### Input data

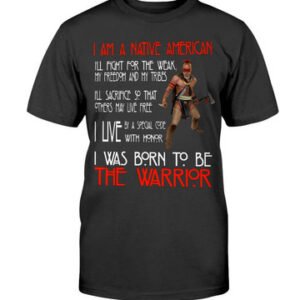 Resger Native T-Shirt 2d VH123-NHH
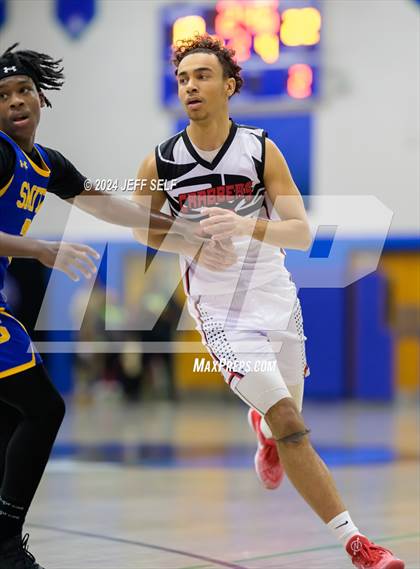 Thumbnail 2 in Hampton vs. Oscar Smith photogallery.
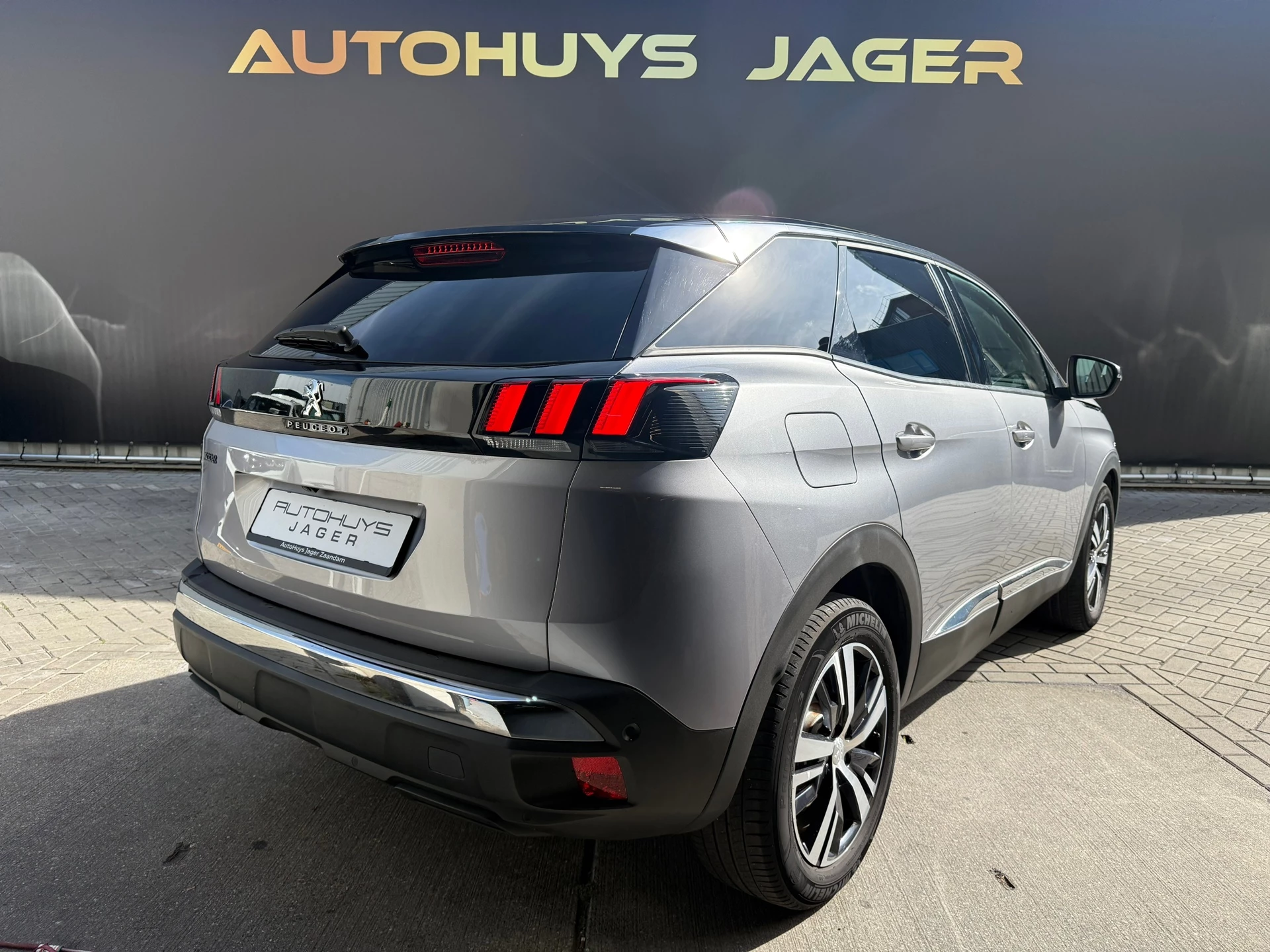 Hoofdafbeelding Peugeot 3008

######
### Input data

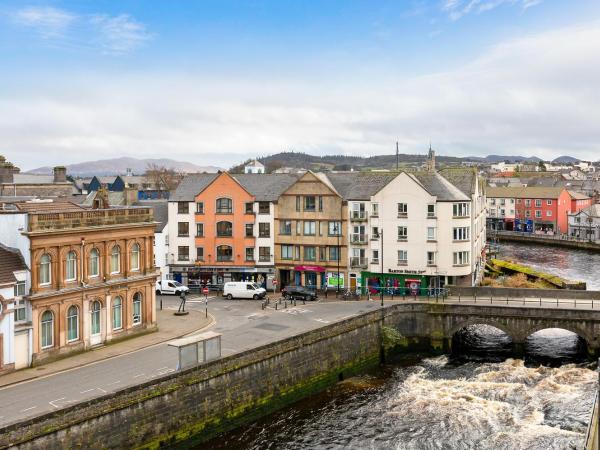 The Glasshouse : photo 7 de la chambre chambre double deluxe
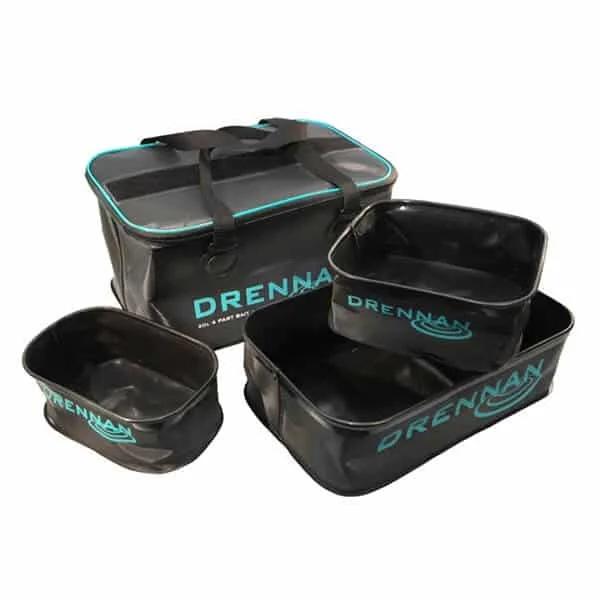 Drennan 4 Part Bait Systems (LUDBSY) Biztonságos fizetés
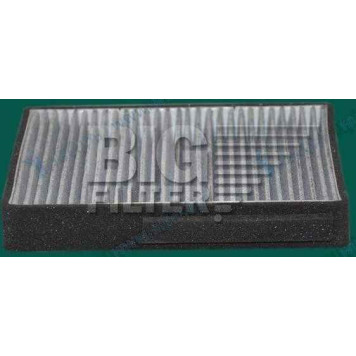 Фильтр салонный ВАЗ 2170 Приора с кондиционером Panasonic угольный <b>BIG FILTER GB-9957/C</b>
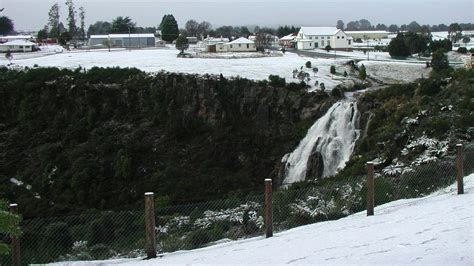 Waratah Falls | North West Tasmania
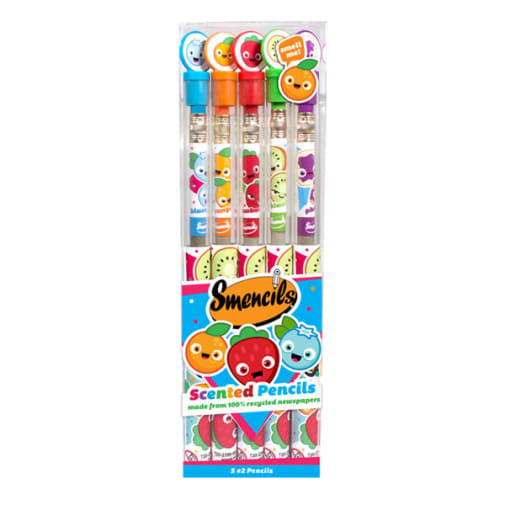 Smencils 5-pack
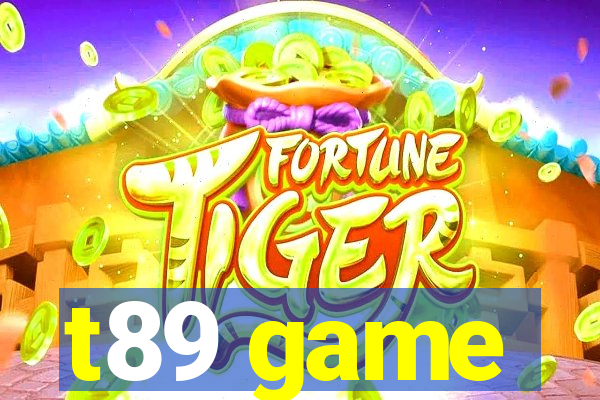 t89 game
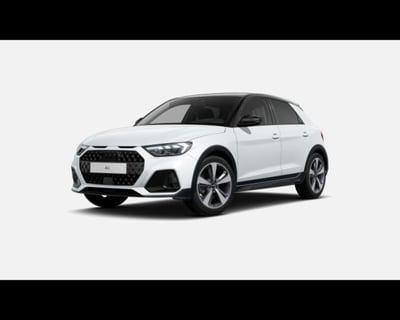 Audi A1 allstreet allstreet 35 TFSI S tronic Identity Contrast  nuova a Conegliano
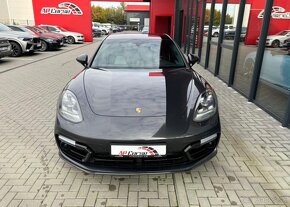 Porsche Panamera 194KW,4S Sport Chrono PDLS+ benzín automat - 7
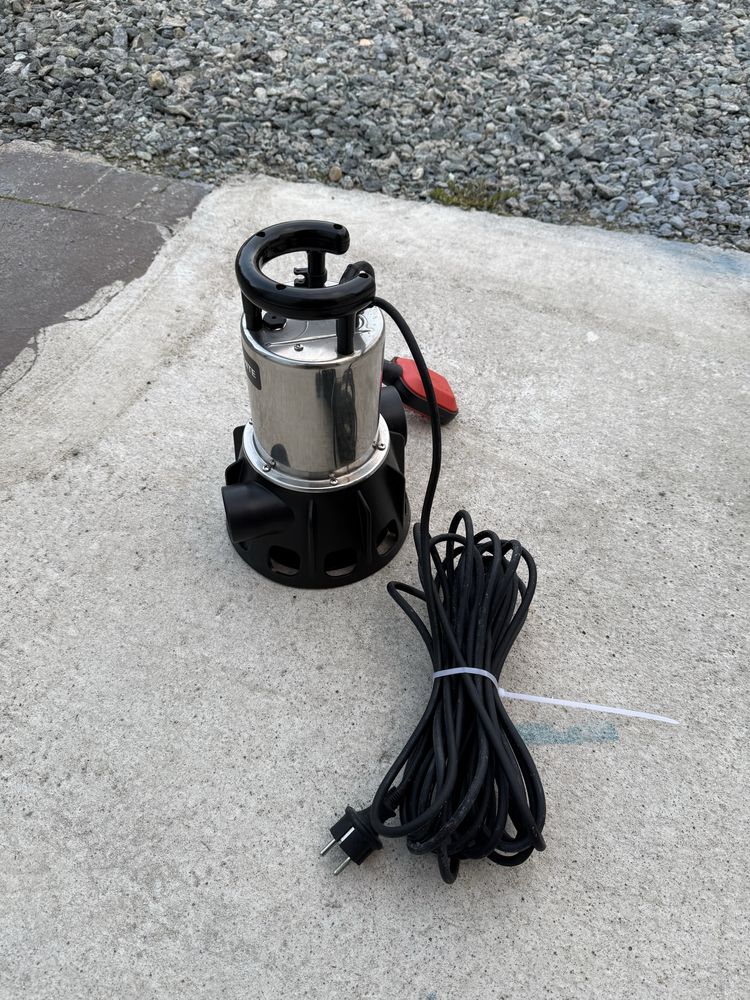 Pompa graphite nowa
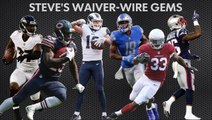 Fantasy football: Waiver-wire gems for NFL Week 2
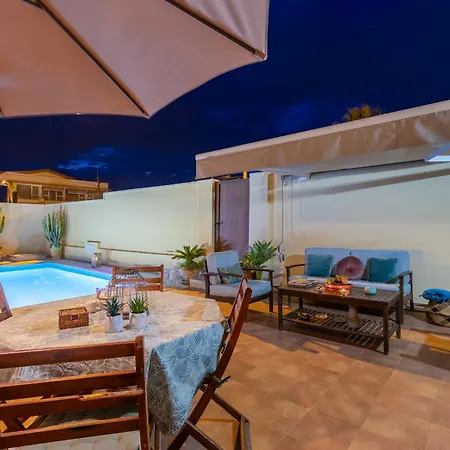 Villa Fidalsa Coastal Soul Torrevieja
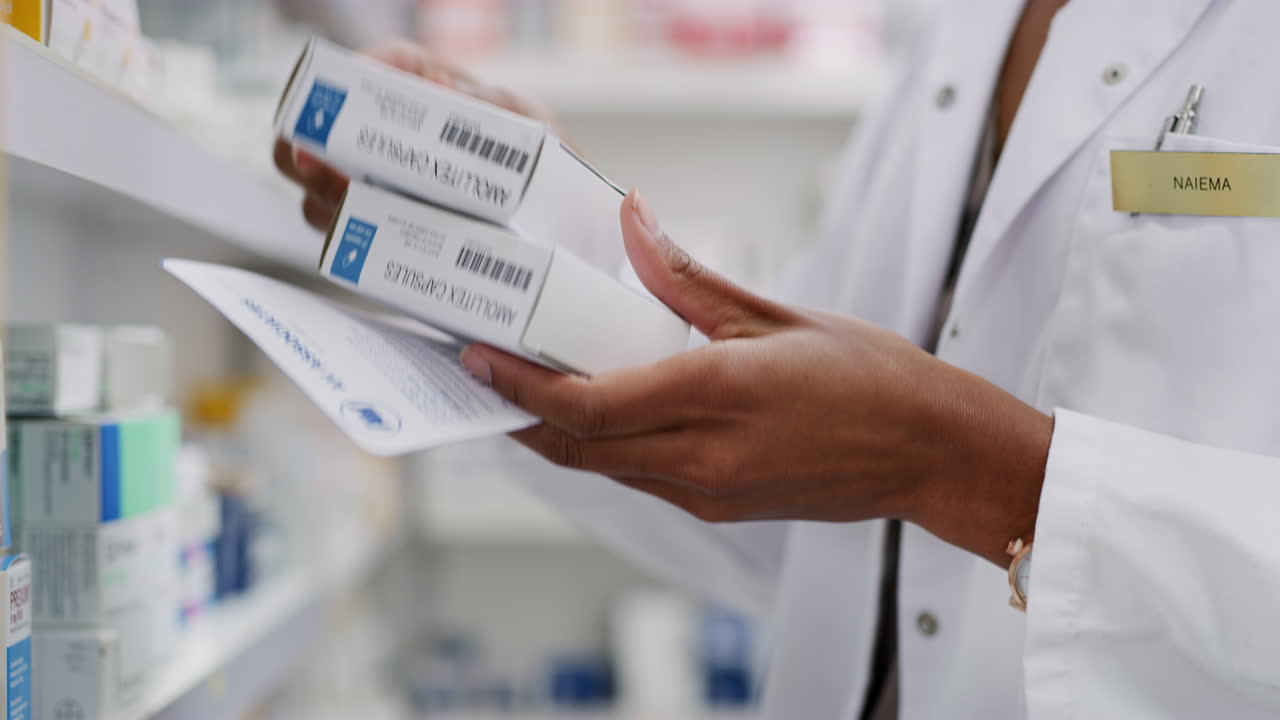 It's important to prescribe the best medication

######

# What you are asked to do
Above, find the line holding "Audi A1 allstreet" and the line holding "It's important to". Print exactly those two lines and every line between them, but no pictures.

# Answer box
 Audi A1 allstreet allstreet 35 TFSI S tronic Identity Contrast  nuova a Conegliano
 Porsche Panamera 194KW,4S Sport Chrono PDLS+ benzín automat - 7
 Pompa graphite nowa
 Fantasy football: Waiver-wire gems for NFL Week 2
 Villa Fidalsa Coastal Soul Torrevieja
 It's important to prescribe the best medication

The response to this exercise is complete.